There are two factors that play a role in child witchcraft being perpetuated in Nigeria: religion and poverty.
One researcher has argued that the religious discourse of the new Christian Pentecostal movement has heightened the belief that child witches exist. The movement generally attributes failure and misfortune to the devil.
For some religious leaders there is the lure of economic gain attached to child witchcraft accusations. The purported capacity to deliver people from the power of witches can generate huge earnings for pastor-prophets who engage in deliverance sessions. Research shows that those religious leaders encourage congregants to repeatedly attend church programmes, pay tithes regularly and give offerings and vows, all with the aim of generating more and more income from their followers.
Widespread poverty is another explanatory factor. In 2006 the United Nations Development Programme reported that within the Niger Delta region high rates of poverty and environmental degradation are especially prevalent.
Researchers argue that poverty and other misfortunes are in many parts of Nigeria attributed to metaphysical causes. As a result, child witches are simply an easy target to blame for the economic misfortunes that befall families and communities in this region.

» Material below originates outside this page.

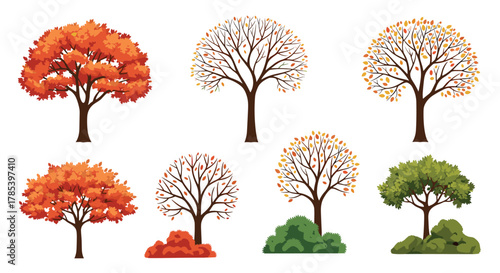 A collection of diverse tree illustrations depicting different seasons, including vibrant autumn colors, bare winter branches, and lush summer foliage.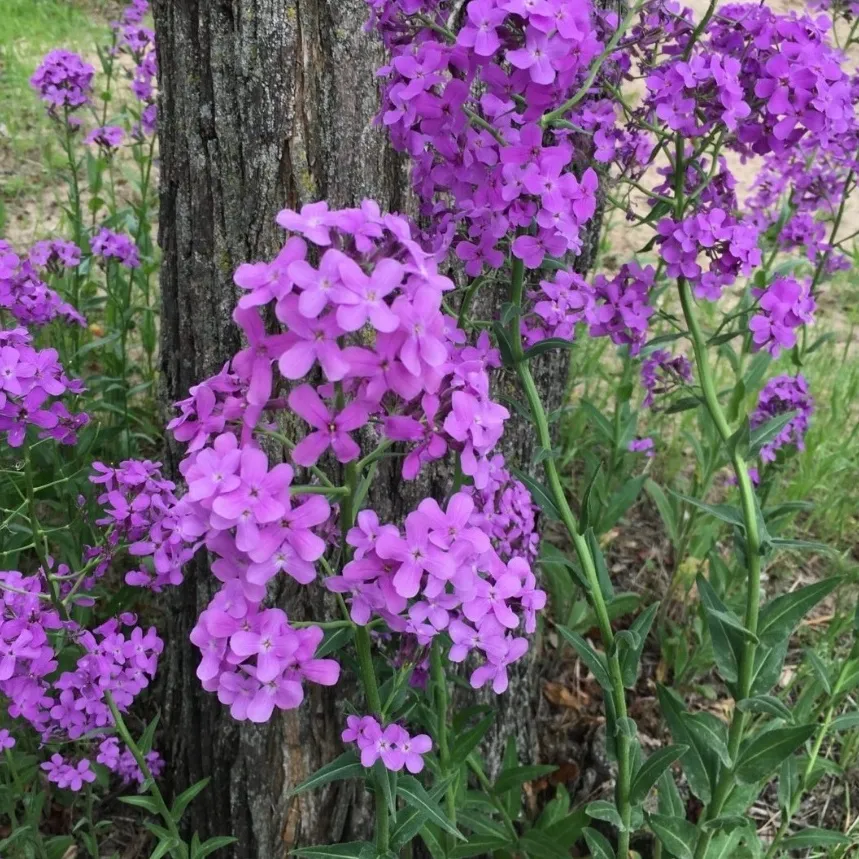 les-semences-de-l-ombelle-julienne-des-dames-graines-fleurs image 1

Interestingly, research notes that the belief in child witchcraft is also considered to be reflected in and perpetuated by Nigerian popular media. Nollywood, the Nigerian movie industry, has been blamed for making films that have played a role in popularising and disseminating the belief in child witches. Many of the older movies were produced by Pentecostal churches.
A glimmer of hope
Fortunately there has been a turnaround in the past few years. Nigerian Pentecostal churches have started to join the fight against child witchcraft stigmatisation. After a series of meetings promoted by concerned government agencies, several religious and civil liberty organisations are working together to end the trend.
Some are actively helping to create awareness of the issue and mobilise people through sermons, in print media and even through Nollywood. Churches have started to produce movies that highlight the ills of witchcraft accusations, offering hope to victims and their families.
But the case of Hope indicates that there is more to be done.
There is an urgent need for legislative reform to deter future incidents of abuse due to child witchcraft stigmatisation. Nigeria needs laws that prohibit discrimination based on witchcraft beliefs. Even more importantly, the laws need to be effectively enforced so that religious leaders and community members who choose to continue down this treacherous path are brought to book.
Ultimately, it comes down to revitalising the Nigerian economy and bringing people out of poverty. As long as people find it impossible to make ends meet they will continue to look for solutions in the supernatural.